● **Data supplied**:
>>>

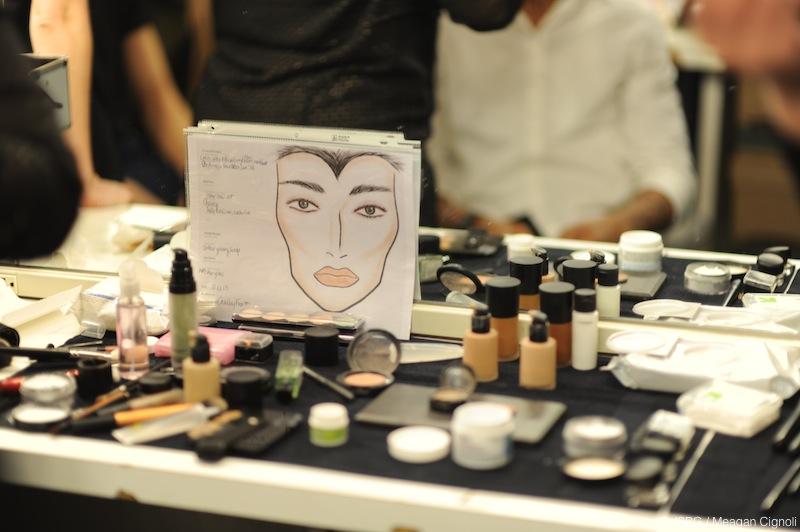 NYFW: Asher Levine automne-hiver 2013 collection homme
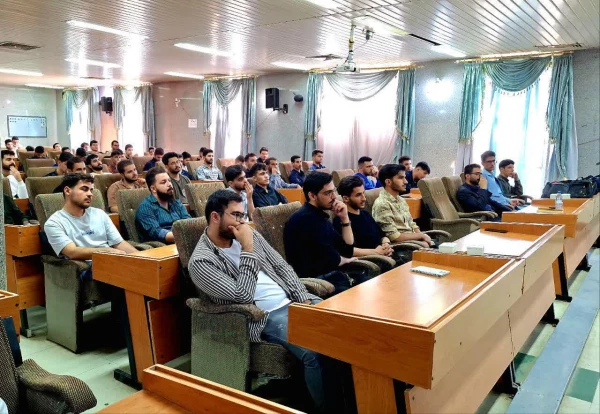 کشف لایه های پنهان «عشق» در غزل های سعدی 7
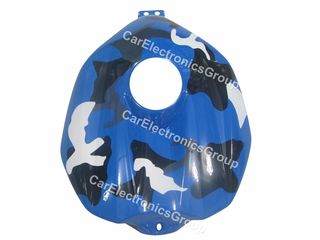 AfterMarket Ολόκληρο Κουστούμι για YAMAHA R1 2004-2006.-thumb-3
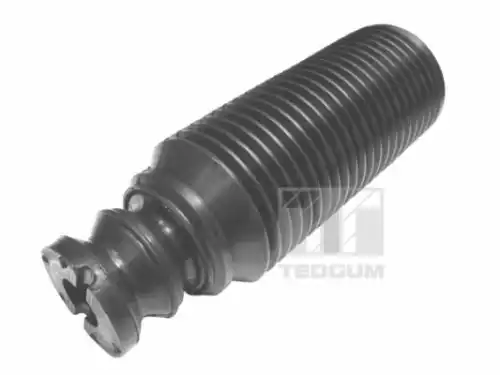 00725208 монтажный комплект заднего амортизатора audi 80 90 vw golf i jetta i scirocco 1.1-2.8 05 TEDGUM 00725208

<<<
>>>

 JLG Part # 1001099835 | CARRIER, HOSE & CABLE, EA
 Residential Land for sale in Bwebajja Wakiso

<<<

● **Brief**: The expected output is the lines above from the one containing "NYFW: Asher Levine" to the one containing "00725208 монтажный комплект", both ends included, reproduced exactly with every picture left out.

● **Written response**:
 NYFW: Asher Levine automne-hiver 2013 collection homme
 کشف لایه های پنهان «عشق» در غزل های سعدی 7
 AfterMarket Ολόκληρο Κουστούμι για YAMAHA R1 2004-2006.-thumb-3
 00725208 монтажный комплект заднего амортизатора audi 80 90 vw golf i jetta i scirocco 1.1-2.8 05 TEDGUM 00725208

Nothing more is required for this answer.